Service Discovery: One, Some, or All

Service Discovery, to use the basic definition, is the mechanism in which services, residing at a non-static address, can be found on a computer network. There are, in a basic nutshell, three types of service discovery, modeled after how they offer their service endpoints to the clients. This set can be reduced to two types in most real world scenarios.

Service discovery systems are designed to return endpoints, a list of one or more logical host and/or host:port or even URL lists. These endpoints are generally in a group colloquially known as a serverset. Endpoints are also considered ephemeral - they can be de-registered at any time due to failing health checks, or other network events, including an intentional de-registration due to service shutdown.


A service discovery system of the “one” type is concerned with discovering a single logical endpoint, and will generally not attempt to make use of more than one endpoint if that is returned.

A classical case of a “one” discovery type is DNS (though it is not limited to this use case). Many service discovery frameworks and schemes, including some built at a bird website company, do not provide good first class support for this model, or do not encourage its use in a production system relying on manual service registration in a front end server. This leads to hacks, frustration, and general grief. Scripts, developers, and operations really need to be able to run curl on the command line - don’t break this mode of operation for them.

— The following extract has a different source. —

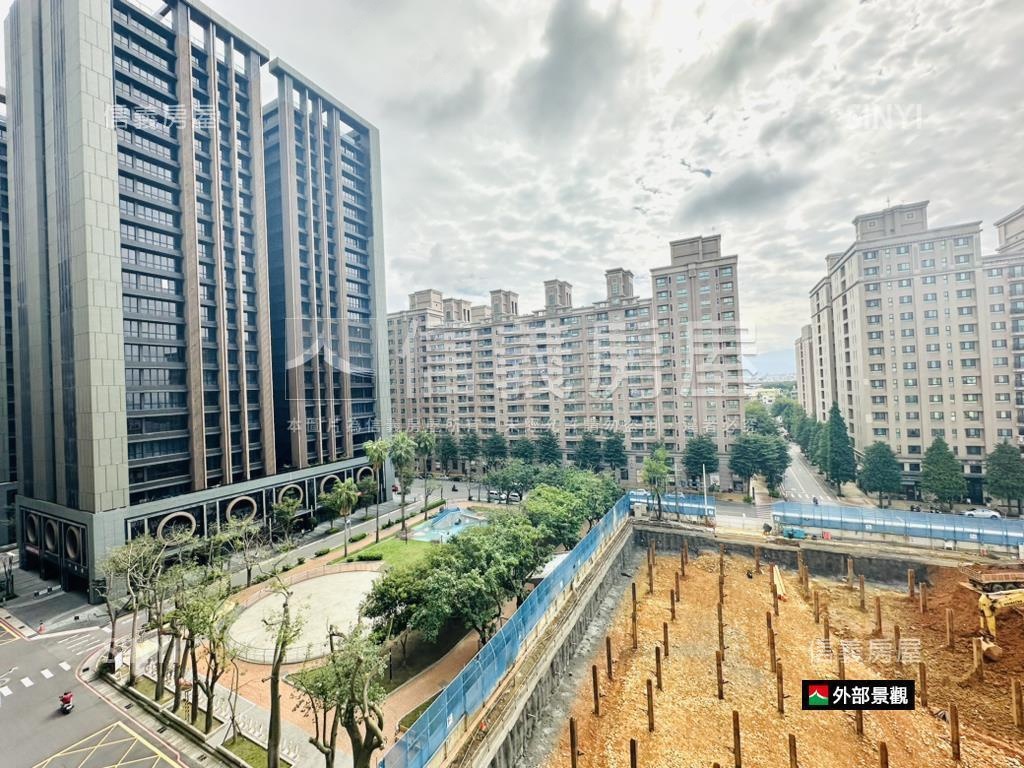 近未來Ｇ０４高樓三房房屋室內格局與周邊環境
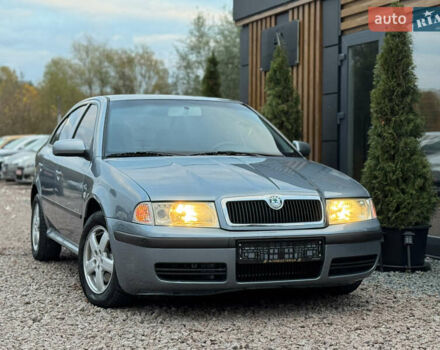 Сірий Шкода Октавія, об'ємом двигуна 1.8 л та пробігом 209 тис. км за 3950 $, фото 12 на Automoto.ua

The “some” use case assumes that a client wants a partial view of the serverset. This could be a minority (more than one for redundancy), or a large number (for instance, to load balance a huge volume of requests). This use case is the resilient use case - you accept a smaller than total population. This is also an efficient scheme: a large number of clients enumerating thousands of available endpoints is slow and chatty, and is known on more than one occasion to saturate backends used for discovery. As the world changes under them, such as services moving due to a deploy or fail-over, all of these clients are straining to maintain up-to-date endpoint lists on every change. This isn’t likely to hurt you even with hundreds of clients, but once the 1000 mark is crossed things are going to go south quickly.

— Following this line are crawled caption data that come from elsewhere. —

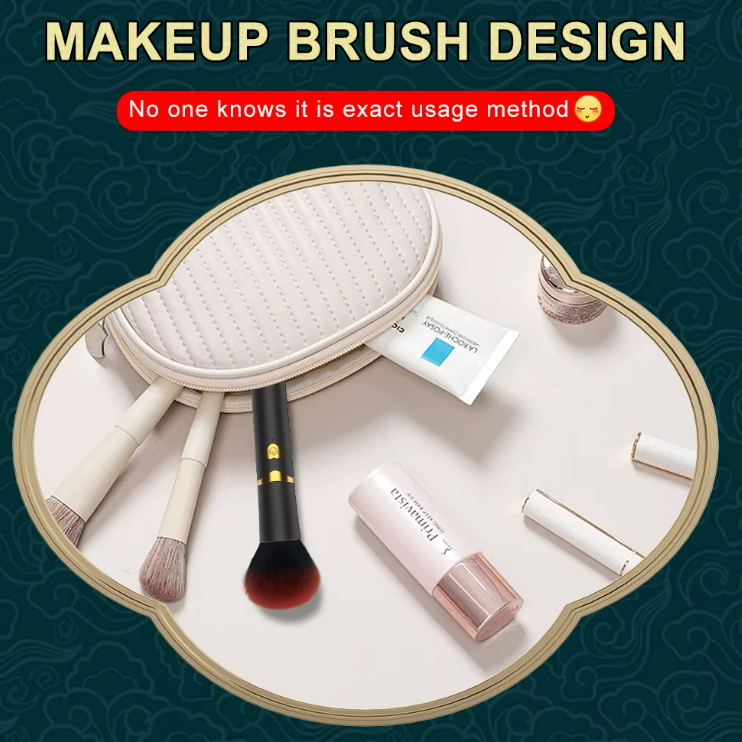 Makeup Brush G Spot Vibrator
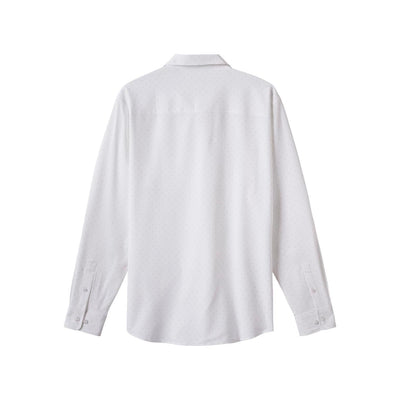 TravisMathew Men's Techwoven Tidbits Button-Up 2025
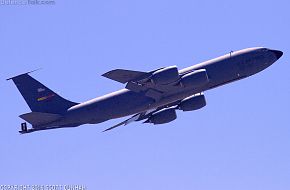 USAF KC-135R Stratotanker Transport and Refueling Aircraft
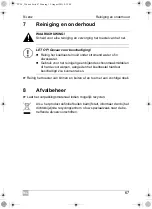 Preview for 67 page of Dometic GROUP Waeco TropiCool TC -21FL-AC Instruction Manual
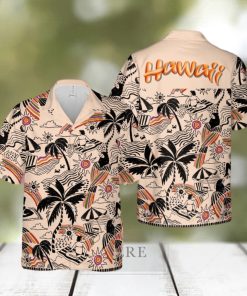 Parrot With Sunshine On Hawaii Beach Rainbow Aloha Hawaiian Shirt Summer Gift For Men And Women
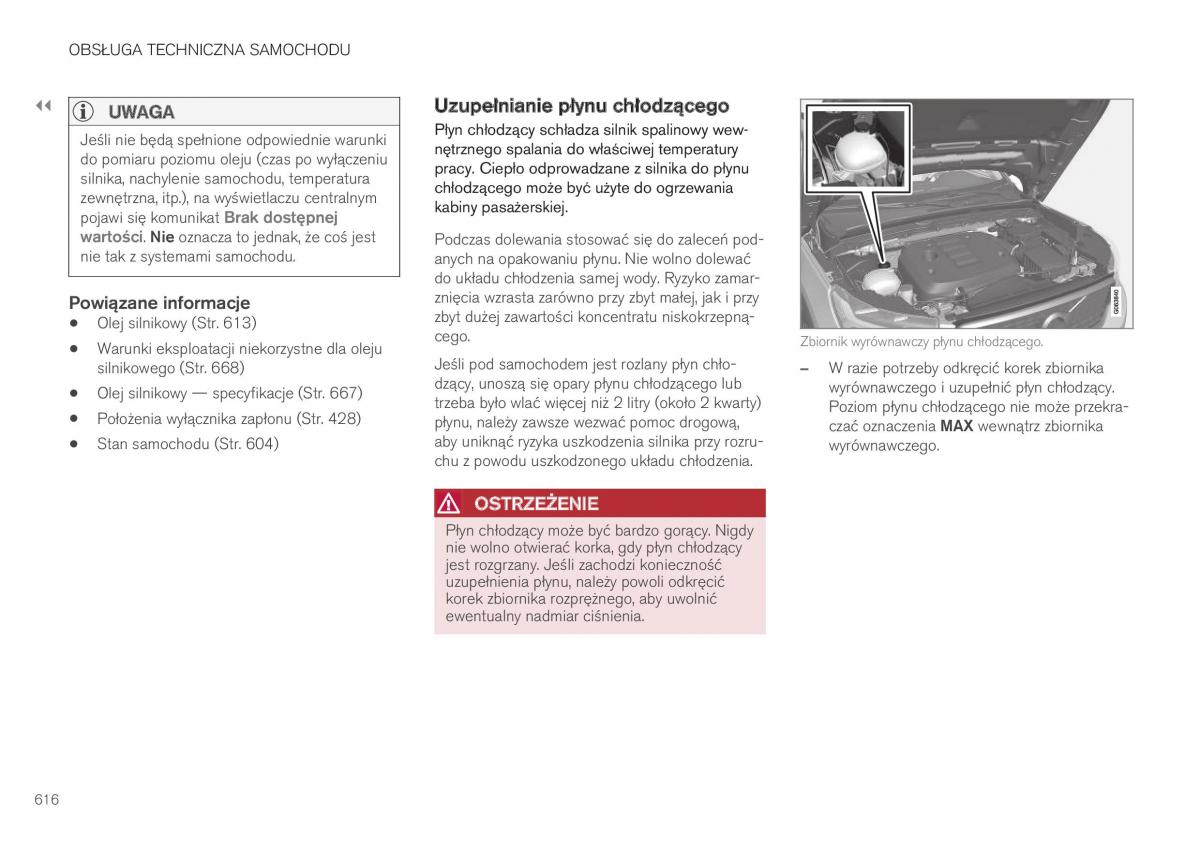 Volvo XC40 instrukcja obslugi / page 618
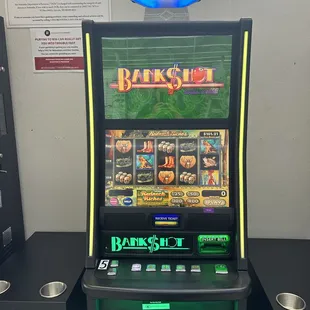 a slot machine in a casino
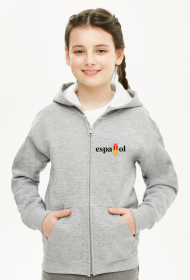 Bluza Dziecięca Rozpinana Unisex Espanol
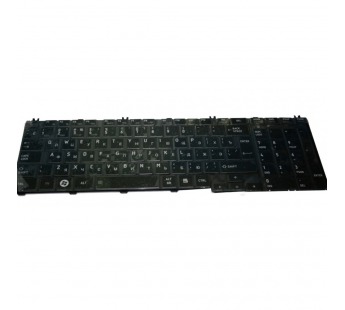 Клавиатура для ноутбука Toshiba Satellite C650, C660, C670/ (черная) (9Z.N4WGV.OOR)#1681673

DNS is not precluded from acting in a service discovery role, via SRV records and even multiple DNS RR results, which clients needing more than one endpoint can query and enumerate.


The mode of fallacy - this is often the mode many libraries and systems first operate in. The workflow for discovery in non-tolerant systems generally involves:

  1. Find serverset
  2. Start enumerating large serverset
  3. Fail for any reason
  4. Return no endpoints

This isn’t resilient code, but that didn’t stop more than one service discovery agent following this model in my experience. The “all” model does provide one compelling use case, which allows for client-side sharding of data: if all endpoints are registered, clients can avoid using proxies to directly access data on the origin node.

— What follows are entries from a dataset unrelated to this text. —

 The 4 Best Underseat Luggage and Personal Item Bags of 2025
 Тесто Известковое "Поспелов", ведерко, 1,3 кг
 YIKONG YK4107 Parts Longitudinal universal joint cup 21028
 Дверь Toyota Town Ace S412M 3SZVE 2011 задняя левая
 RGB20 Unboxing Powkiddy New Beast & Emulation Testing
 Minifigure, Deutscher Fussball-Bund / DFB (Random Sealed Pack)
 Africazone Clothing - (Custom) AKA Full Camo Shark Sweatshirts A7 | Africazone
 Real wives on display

“All”, in practice, never exists. Due to network partitions and software failures, you can never guarantee that all endpoints can be enumerated, and that all endpoints even are registered that want to be. If you are depending on “all” for sharding detection, you need to provide a more resilient model which does not depend on ephemeral registration. A node is in the system, and has a sharded set of data, based on a more static intent map. You can use serversets as a gauge of health, but not of underlying registration.

The failures of the “all” model are especially important to monitoring systems: A lot of designs assume a globally-correct discovery model to find metrics and health checks. While you can provide a mostly globally correct intent model (“I expect these things to be running in this number”), you cannot depend on a “discover everything” model to locate running services.

One of the larger changes at the bird website monitoring stack involved breaking this assumption. While it was serviceable at a small scale, it routinely broke down further and further as scale increased. Replacing the discovery model with a “one” analogue (which however still required reading “some” of the endpoint nodes in Zookeeper to provide some semblance of load balancing) provided an immediate data quality improvement, as only a very small set of endpoints needed to be resolved in order to operate.

And more

With cloud computing and containerization, service discovery will keep on being a space with innovation. Yet, it is also rife with incompatibilities - no two systems are the same. Systems which get this right get back to basics. For example, Kubernetes provides DNS based discovery with load balancers. This allows both the curl use case, and the large request volume use case, to work transparently (something commonly missing in these systems). The state of the industry is improving - lets not all fall into the same traps.